:: WORK ORDER ::
Below are the records; copy out every line that holds the word "Vuitton".

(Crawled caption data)
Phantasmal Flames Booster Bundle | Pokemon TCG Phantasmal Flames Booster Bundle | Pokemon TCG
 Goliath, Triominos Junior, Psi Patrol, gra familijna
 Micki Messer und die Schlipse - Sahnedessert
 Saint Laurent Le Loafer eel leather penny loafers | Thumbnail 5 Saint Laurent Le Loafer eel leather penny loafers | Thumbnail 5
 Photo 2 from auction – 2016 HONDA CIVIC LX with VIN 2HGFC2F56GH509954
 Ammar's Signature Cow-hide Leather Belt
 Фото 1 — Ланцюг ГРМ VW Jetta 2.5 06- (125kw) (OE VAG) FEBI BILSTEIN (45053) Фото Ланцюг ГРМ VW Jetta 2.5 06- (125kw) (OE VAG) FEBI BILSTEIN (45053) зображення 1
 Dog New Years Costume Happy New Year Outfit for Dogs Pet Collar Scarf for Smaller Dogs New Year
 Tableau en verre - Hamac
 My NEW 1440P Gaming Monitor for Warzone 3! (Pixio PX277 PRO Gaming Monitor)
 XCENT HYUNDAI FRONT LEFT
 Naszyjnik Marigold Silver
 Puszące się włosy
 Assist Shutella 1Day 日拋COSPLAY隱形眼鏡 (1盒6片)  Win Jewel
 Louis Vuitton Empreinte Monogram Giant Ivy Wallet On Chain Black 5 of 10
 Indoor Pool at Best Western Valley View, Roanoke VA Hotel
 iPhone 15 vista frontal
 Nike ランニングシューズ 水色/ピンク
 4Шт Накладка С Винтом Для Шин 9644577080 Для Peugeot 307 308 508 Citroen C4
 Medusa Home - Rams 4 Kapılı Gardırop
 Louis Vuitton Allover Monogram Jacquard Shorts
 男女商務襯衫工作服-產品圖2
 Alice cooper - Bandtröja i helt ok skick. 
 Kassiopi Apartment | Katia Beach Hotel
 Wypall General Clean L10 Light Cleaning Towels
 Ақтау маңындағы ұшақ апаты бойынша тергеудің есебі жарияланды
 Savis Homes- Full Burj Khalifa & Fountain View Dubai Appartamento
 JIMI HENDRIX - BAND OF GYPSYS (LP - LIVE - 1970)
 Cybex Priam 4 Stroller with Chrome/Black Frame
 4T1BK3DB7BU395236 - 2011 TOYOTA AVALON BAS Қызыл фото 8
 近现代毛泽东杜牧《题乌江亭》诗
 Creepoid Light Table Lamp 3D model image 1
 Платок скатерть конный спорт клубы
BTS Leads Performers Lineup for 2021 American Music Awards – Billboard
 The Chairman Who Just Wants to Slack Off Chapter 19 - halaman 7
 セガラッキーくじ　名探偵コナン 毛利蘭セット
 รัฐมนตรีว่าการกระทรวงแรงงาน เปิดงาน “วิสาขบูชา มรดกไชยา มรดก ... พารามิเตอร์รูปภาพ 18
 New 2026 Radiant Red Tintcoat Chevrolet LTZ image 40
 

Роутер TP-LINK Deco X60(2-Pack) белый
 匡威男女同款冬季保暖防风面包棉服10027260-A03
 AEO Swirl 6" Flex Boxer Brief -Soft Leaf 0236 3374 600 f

:: OUTPUT ::
 Louis Vuitton Empreinte Monogram Giant Ivy Wallet On Chain Black 5 of 10
 Louis Vuitton Allover Monogram Jacquard Shorts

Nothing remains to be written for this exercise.